O que se estranha é ver o general Ramalho Eanes, um modelo de militar e cidadão, a quem os portugueses muito devem pela consolidação da sua democracia, associado a esta farsa que a Presidência montou para homenagear Rocha Vieira. Só vejo o general Eanes na cerimónia por ser um homem educado e bem formado.
É que é difícil encontrar um paralelo, para além da farda, entre a acção de Ramalho Eanes e a de Rocha Vieira. Não consta que o general Eanes no exercício das suas funções públicas ou na sua vida de militar fosse cínico, falso, prepotente, que usasse o posto e a função para oferecer o que do seu bolso não pudesse pagar, distribuindo benesses, encaixando os amigalhaços, fazendo museus, fundações e institutos para sua glória, editando livros ilustrados com as suas próprias fotografias, dando o seu aval a indecorosas campanhas de promoção pessoal, esperando sempre ser devidamente bajulado em todas as esquinas. Ainda recentemente o general Eanes foi às Filipinas receber um prestigiado prémio internacional, fazendo-o com a maior discrição, como se a distinção que lhe foi concedida não fosse motivo de orgulho para todos os portugueses.
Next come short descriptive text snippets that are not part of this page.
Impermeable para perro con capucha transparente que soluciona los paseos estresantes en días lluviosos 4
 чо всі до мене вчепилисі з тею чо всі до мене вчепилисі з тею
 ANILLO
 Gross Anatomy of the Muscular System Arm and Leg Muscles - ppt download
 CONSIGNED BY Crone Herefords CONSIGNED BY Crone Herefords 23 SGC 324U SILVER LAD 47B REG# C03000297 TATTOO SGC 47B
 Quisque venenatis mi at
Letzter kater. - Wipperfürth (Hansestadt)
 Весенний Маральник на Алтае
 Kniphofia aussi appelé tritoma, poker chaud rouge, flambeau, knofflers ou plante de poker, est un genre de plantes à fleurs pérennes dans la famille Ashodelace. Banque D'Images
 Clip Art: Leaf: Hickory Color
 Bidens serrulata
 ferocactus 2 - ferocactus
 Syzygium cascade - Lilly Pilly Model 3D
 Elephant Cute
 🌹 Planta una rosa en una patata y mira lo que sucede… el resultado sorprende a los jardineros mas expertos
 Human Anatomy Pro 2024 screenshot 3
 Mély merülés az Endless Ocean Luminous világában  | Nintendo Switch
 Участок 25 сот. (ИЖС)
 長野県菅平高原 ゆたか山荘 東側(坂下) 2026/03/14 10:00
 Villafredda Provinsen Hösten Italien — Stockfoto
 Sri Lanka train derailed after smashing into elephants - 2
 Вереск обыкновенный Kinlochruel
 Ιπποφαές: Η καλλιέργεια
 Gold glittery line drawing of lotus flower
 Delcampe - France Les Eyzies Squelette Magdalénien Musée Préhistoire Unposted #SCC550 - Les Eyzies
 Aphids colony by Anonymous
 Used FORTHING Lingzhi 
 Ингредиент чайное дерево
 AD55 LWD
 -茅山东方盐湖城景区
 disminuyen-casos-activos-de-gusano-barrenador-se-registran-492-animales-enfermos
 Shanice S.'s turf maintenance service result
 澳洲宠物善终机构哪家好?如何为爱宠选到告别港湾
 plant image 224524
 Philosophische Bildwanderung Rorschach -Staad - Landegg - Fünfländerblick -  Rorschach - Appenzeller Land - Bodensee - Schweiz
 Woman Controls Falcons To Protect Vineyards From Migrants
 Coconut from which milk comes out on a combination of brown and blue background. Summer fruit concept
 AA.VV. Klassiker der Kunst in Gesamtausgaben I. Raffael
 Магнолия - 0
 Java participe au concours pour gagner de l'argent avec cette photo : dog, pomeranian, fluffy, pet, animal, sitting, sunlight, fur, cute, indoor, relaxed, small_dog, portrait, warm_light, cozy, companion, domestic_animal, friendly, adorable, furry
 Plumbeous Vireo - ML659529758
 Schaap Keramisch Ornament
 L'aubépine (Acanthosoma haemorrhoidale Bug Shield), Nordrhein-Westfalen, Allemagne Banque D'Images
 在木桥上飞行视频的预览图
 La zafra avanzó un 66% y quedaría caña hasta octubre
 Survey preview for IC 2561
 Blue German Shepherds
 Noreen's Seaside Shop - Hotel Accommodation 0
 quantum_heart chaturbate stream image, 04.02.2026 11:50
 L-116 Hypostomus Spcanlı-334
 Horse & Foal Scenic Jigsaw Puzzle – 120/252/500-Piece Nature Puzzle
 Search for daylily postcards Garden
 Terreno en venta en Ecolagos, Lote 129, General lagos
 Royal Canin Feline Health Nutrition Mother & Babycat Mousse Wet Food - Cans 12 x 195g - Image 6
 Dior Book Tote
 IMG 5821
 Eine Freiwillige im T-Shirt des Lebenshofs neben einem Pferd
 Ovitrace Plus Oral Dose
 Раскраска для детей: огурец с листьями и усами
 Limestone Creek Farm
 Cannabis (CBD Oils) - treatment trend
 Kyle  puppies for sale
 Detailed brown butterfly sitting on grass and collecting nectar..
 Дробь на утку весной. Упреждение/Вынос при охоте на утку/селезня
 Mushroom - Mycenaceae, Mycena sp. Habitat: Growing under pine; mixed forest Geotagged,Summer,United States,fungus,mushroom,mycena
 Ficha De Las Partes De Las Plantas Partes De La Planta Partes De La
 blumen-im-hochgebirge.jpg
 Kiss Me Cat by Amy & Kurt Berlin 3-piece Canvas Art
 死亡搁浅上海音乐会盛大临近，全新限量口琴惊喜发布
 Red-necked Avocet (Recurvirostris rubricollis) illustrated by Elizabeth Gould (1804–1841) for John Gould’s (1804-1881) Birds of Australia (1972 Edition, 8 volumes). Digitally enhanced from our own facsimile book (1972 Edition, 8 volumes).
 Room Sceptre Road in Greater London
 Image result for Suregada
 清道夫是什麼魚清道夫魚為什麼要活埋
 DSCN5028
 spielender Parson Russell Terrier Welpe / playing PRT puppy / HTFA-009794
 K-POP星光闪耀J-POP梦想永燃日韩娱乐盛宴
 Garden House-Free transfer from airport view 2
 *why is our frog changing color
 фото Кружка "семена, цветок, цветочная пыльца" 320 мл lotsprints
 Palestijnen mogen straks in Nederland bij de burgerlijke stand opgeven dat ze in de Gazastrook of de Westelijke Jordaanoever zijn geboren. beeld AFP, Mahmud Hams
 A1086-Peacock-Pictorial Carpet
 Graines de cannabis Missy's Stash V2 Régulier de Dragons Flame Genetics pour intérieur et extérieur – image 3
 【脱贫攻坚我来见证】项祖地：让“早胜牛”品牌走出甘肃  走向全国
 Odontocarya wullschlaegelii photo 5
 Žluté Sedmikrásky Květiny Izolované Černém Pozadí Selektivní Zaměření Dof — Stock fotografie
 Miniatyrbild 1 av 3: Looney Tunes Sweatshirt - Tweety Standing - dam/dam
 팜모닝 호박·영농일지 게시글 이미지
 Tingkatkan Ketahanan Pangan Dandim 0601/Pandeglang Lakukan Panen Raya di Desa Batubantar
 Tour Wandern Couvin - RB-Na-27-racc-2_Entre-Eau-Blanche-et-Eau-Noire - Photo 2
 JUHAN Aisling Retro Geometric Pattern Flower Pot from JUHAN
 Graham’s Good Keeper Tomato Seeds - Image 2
A diferença entre os dois homenageados não está apenas no facto do general Ramalho Eanes ter dado o seu nome a um largo de Macau e sobre o outro haver hoje quem em Macau não saiba quem foi, tal a irrelevância do seu papel.
A atribuição da Ordem da Liberdade ao general Ramalho Eanes, militar e homem de Estado a quem em matéria de ética e intenções não haverá um acto que suscite dúvida, é inteiramente merecida e não devia acontecer desta forma, à socapa, em final de mandato, sem brilho.
Quanto à do outro cavalheiro a quem o PR resolveu agraciar com a Torre e Espada, a única coisa que se pode dizer é que não será pelo general Ramalho Eanes lá estar que deixará de ser um ultraje. Porque o homenageado será muito seu amigo, simpático e educado, mas faltará tudo o que a Torre e Espada pretende significar. Faltam os “feitos excepcionalmente distintos” à frente de órgãos de soberania ou no comando de tropas em campanha, faltam os “feitos excepcionais de heroísmo militar oucívico” e faltam os “actos ou serviços excepcionais de abnegação e sacrifício pela Pátria e pela Humanidade”.